RFC: Description of the SoundFont 3 Format

The SoundFont 3 format (SF3) is an unofficial extension of the SoundFont 2 format (SF2). It was originally created by Werner Schweer for MuseScore with the aim of reducing the file size of their bundled Soundfont(s) by enabling support for Ogg Vorbis compressed samples.

Support for SF3 has since been incorporated into many other SoundFont software packages, for example Polyphone, Swami, Qsynth, FluidSynth, and other software synthesizers. As there was no official specification available, the inner workings and output of the sf3convert utility from musescore/sftools can be seen as the most official source of truth regarding this format.

This RFC is meant to be the start of an "official" specification of the unofficial SF3 format and the basis for further expansion (like adding additional encoder support, e.g. FLAC or Opus).
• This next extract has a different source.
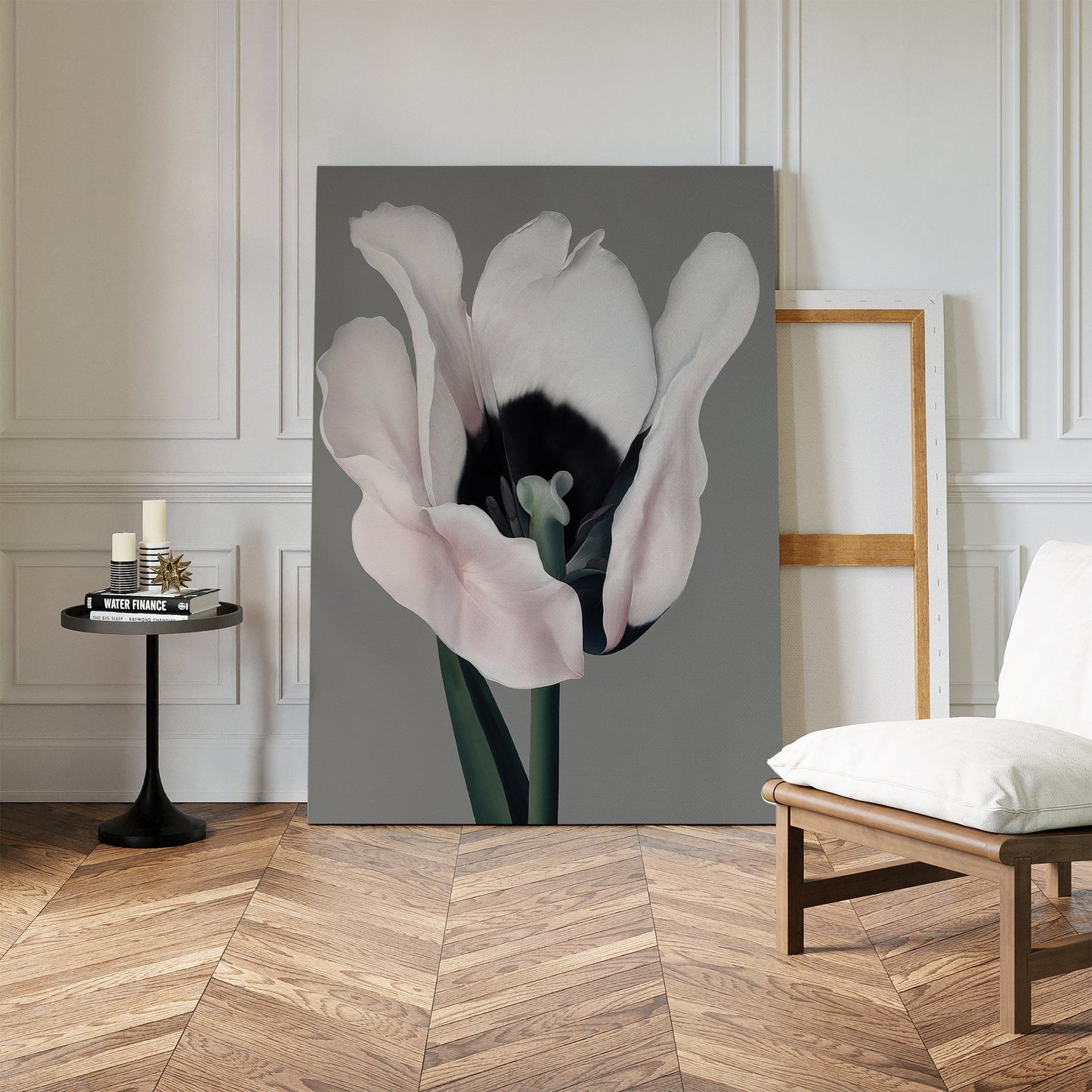 Elegant Floral Abstract Oil Painting for Modern Home Decor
Since SF3 is intended as an extension, much effort has been taken to remain backward compatibility to SF2 whenever applicable.
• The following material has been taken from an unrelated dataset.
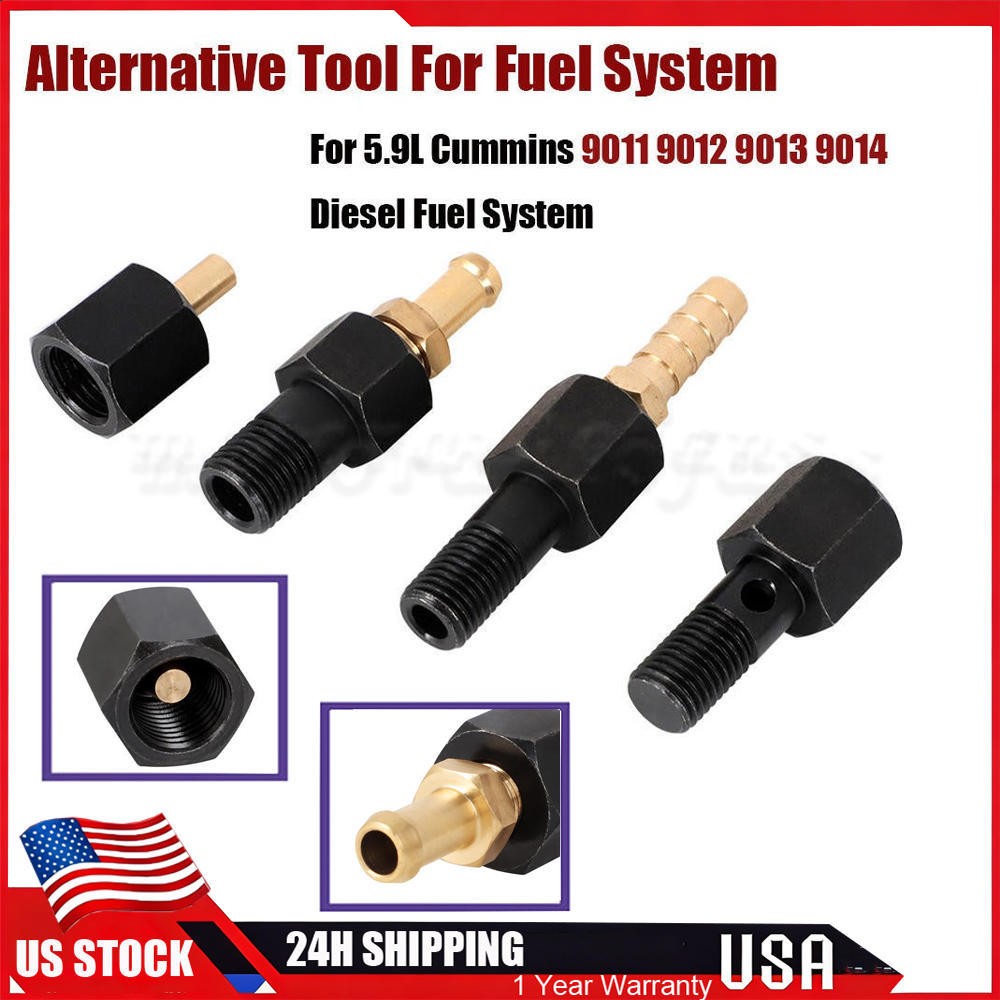 Fuel System Test Fitting Adapter Kit For 5.9L Cummins Diesel 9011 9012 Dodge Ram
Comments, suggestions and any other feedback are very welcome!

Please note: This document only explains the differences of SF3 compared to the official SF2 specification. It assumes that the reader is familiar with the SoundFont 2 file structure.

Further note that files produced by cognitone's tool sf2convert are incompatible with this spec and not officially supported by fluidsynth!

File identification

SF3 files use major version 3 in the ifil sub-chunk:

sfVersionTag.wMajor = 3;

Additional flag for sfSampleType field in SHDR

Bit 4 of the sfSampleType field is used to indicate a compressed sample.

sfSampleType |= 0x10;

The flag does not necessarily indicate OGG Vorbis compression! It rather indicates that the sample has received any kind of encoding/compression. It is up to the application to identify the encoding when decompressing the sample. If the compressed sample is invalid the implementation is encouraged to reject all instruments and presets that make use of this sample.

A sample becomes invalid if any of the following condition applies:

  • The type of compression or encoding is unknown.
  • The type of compression or encoding is not supported.
  • The compression or encoding is recognized to be broken
  • The compressed sample is not a mono sample (i.e. has a channel count != 1)

Breaking Change: Interpretation of sample data index fields in SHDR

If the 0x10 flag in sfSampleType set, the interpretation of the four sample data index fields (dwStart, dwEnd, dwStartloop and dwEndloop) in the SHDR sub-chunk has changed:

  • dwStart points to the first byte of the compressed byte stream, relative to the beginning of the SMPL sub-chunk.
  • And dwEnd points to the last byte in the compressed data stream (not to the first zero-value sample data point after the sample data as in SF2).
  • dwStartloop and dwEndloop specify loop points relative to the start of the individual uncompressed sample data, in sample data points (words).

If the 0x10 flag is not set, the rules of the SF2 spec apply.

Individually compressed samples

Mixed sample compression is supported! I.e. there may be regular uncompressed SF2 samples as well any number of individually encoded samples.

If any PCM samples exist they must be placed at the beginning of SMPL chunk, i.e. before the compressed sample byte stream.

It's worth noting that each sample is compressed individually (e.g. by the Ogg Vorbis encoder). The resulting byte streams of all encoded samples are written to the SMPL sub-chunk. The SMPL chunk however may also contain little-endian PCM samples.

For compressed byte streams, it is not necessary to add the minimum 46 zero-valued sample data points required after each sample.

The length of the SMPL sub-chunk is no longer required to be a multiple of two. Its surrounding LIST chunk is also not padded to a multiple of two as a consequence.

24-bit PCM samples

The basic logic of the 24-bit support brought by the 2.04 spec remains unchanged. That means the SM24 sub-chunk may still contain the least significant byte counterpart for every PCM sample. However, compressed samples do not make use of the SM24 chunk. If a SM24 chunk is present, its respective byte counterparts to the compressed byte stream as stored in the SMPL chunk remain unused. Since all PCM samples are stored before the encoded samples in the SMPL chunk, the size of the SM24 chunk can be kept at the absolute required minimum.

The SM24 size constraint, as required by the SF2 spec, no longer applies.????

Sample Links are not supported

SF3 files do not contain sample link information in SHDR (wSampleLink left at 0).